TASK STATEMENT
Give back exactly the lines of the material below, starting with the line with "Graduated Drop Earrings" and going on through the line with "Man of Steel".

RECORD EXTRACTS

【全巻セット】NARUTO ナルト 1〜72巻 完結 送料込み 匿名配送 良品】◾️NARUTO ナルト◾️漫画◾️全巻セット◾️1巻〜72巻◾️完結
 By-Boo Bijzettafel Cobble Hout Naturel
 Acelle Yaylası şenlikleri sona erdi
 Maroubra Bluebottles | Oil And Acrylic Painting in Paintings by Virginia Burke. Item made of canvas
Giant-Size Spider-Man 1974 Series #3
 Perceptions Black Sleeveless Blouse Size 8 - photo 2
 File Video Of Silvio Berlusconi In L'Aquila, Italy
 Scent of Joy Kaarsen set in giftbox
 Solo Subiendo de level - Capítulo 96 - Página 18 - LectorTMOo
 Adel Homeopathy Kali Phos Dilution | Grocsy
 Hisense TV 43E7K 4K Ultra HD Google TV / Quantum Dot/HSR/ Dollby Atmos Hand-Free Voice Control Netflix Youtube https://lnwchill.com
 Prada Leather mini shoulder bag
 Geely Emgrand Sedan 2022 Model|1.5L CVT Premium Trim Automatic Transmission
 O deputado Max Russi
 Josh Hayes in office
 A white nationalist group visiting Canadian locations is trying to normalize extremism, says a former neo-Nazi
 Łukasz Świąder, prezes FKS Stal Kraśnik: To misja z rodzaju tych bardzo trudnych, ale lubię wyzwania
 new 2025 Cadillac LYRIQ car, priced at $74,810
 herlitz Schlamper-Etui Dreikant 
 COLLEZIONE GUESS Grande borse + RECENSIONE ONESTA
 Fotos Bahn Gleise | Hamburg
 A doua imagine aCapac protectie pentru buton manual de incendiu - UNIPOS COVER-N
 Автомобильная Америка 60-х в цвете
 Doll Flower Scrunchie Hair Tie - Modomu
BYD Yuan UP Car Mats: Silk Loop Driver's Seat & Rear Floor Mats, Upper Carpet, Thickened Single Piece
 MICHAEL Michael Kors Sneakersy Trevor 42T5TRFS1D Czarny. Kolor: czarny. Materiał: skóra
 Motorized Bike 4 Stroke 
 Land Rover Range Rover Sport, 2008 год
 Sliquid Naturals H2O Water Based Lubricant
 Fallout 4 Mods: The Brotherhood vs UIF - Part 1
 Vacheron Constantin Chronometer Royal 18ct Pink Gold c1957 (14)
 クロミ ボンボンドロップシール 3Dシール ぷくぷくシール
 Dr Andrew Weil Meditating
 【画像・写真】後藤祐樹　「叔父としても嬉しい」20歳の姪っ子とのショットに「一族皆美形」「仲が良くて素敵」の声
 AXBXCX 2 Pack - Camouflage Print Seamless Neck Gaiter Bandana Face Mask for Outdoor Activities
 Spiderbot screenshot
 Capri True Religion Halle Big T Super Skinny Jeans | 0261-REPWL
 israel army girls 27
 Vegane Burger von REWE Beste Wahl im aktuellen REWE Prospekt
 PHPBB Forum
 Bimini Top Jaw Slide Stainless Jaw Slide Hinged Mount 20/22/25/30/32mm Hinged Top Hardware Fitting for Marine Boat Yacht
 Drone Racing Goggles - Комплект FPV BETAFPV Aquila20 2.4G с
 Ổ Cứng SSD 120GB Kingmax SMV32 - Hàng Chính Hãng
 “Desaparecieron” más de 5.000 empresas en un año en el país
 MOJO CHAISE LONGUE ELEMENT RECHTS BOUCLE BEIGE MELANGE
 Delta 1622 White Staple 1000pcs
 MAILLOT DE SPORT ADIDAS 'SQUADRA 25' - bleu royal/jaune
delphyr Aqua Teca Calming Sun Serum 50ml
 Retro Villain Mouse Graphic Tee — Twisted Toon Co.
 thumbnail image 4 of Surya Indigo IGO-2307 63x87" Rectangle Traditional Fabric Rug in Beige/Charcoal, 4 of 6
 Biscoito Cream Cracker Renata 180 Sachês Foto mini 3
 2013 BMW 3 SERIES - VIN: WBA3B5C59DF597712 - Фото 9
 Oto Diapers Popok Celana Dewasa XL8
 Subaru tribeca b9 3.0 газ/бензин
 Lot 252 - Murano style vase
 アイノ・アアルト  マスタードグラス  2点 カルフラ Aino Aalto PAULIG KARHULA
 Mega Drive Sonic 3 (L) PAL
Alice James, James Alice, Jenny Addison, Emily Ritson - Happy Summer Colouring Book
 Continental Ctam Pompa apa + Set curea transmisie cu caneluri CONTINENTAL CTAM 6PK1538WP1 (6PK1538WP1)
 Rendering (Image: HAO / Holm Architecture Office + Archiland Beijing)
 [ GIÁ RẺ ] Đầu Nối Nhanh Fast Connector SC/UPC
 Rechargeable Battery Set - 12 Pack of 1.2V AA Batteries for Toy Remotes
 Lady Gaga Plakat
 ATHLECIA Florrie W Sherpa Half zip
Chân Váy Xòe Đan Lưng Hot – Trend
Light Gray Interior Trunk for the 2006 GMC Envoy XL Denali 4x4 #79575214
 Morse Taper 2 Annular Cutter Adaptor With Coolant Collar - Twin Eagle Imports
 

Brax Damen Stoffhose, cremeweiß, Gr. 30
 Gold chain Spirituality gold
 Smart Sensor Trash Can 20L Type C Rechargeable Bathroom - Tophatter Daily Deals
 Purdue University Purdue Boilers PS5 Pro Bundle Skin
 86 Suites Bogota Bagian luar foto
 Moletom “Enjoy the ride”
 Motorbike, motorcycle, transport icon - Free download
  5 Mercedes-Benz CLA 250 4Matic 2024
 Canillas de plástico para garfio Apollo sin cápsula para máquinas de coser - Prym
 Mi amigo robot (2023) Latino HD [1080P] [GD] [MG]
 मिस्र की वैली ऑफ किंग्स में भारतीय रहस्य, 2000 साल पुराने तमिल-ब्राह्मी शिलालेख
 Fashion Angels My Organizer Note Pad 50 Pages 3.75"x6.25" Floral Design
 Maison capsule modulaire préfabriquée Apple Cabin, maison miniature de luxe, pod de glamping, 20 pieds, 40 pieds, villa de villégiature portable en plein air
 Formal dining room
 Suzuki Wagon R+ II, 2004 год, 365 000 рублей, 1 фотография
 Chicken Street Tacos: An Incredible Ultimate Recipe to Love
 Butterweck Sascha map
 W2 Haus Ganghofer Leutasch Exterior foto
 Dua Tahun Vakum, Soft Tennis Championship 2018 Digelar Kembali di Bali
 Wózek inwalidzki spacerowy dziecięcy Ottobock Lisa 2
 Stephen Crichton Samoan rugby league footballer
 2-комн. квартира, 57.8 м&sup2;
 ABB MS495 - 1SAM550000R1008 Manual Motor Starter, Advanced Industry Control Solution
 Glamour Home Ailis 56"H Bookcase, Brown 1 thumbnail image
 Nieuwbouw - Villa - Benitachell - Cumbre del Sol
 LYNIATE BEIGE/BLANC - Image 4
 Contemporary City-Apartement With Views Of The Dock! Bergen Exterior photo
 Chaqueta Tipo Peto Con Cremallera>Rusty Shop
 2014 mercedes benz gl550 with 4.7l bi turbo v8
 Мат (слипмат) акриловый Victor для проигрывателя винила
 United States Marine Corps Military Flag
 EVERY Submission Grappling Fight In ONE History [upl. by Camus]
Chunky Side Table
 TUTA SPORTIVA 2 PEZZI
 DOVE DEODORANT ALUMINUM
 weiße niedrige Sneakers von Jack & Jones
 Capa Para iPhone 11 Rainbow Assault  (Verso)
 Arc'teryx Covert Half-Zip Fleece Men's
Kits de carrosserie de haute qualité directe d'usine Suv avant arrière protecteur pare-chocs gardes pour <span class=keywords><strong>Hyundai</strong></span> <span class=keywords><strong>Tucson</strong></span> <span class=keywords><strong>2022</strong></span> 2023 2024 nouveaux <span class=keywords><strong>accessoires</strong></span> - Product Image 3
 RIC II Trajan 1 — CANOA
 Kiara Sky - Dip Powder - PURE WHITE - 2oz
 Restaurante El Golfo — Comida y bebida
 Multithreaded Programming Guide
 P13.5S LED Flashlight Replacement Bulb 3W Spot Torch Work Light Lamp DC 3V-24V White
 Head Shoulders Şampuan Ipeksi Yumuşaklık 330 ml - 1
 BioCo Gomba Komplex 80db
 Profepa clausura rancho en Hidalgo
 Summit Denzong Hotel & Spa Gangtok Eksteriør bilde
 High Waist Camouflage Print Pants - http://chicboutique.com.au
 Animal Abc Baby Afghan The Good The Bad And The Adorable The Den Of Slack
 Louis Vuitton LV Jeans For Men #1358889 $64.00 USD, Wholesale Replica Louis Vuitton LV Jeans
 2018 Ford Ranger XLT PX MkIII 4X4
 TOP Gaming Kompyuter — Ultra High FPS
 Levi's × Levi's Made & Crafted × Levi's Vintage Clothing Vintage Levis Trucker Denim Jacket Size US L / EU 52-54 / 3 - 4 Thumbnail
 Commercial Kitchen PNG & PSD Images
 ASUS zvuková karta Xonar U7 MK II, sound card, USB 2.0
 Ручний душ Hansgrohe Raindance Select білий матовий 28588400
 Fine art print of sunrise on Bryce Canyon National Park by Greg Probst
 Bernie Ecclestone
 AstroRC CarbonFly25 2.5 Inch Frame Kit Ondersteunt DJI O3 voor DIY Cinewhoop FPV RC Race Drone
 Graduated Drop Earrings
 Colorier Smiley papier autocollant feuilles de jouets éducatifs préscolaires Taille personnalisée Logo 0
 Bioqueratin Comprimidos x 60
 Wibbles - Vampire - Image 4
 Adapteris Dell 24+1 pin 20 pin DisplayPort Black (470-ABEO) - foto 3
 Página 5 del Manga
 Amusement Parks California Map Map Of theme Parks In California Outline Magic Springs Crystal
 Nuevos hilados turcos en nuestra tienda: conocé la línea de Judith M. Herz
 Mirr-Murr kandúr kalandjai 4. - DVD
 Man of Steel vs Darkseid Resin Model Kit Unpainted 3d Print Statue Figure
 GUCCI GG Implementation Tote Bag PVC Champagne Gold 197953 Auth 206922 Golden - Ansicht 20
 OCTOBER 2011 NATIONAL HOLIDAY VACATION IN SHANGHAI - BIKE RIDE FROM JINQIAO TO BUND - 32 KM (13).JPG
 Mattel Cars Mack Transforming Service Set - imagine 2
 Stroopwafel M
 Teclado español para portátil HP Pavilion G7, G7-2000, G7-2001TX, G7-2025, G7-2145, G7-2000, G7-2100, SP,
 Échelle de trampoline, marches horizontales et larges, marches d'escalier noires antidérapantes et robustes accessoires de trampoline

RESULT
 Graduated Drop Earrings
 Colorier Smiley papier autocollant feuilles de jouets éducatifs préscolaires Taille personnalisée Logo 0
 Bioqueratin Comprimidos x 60
 Wibbles - Vampire - Image 4
 Adapteris Dell 24+1 pin 20 pin DisplayPort Black (470-ABEO) - foto 3
 Página 5 del Manga
 Amusement Parks California Map Map Of theme Parks In California Outline Magic Springs Crystal
 Nuevos hilados turcos en nuestra tienda: conocé la línea de Judith M. Herz
 Mirr-Murr kandúr kalandjai 4. - DVD
 Man of Steel vs Darkseid Resin Model Kit Unpainted 3d Print Statue Figure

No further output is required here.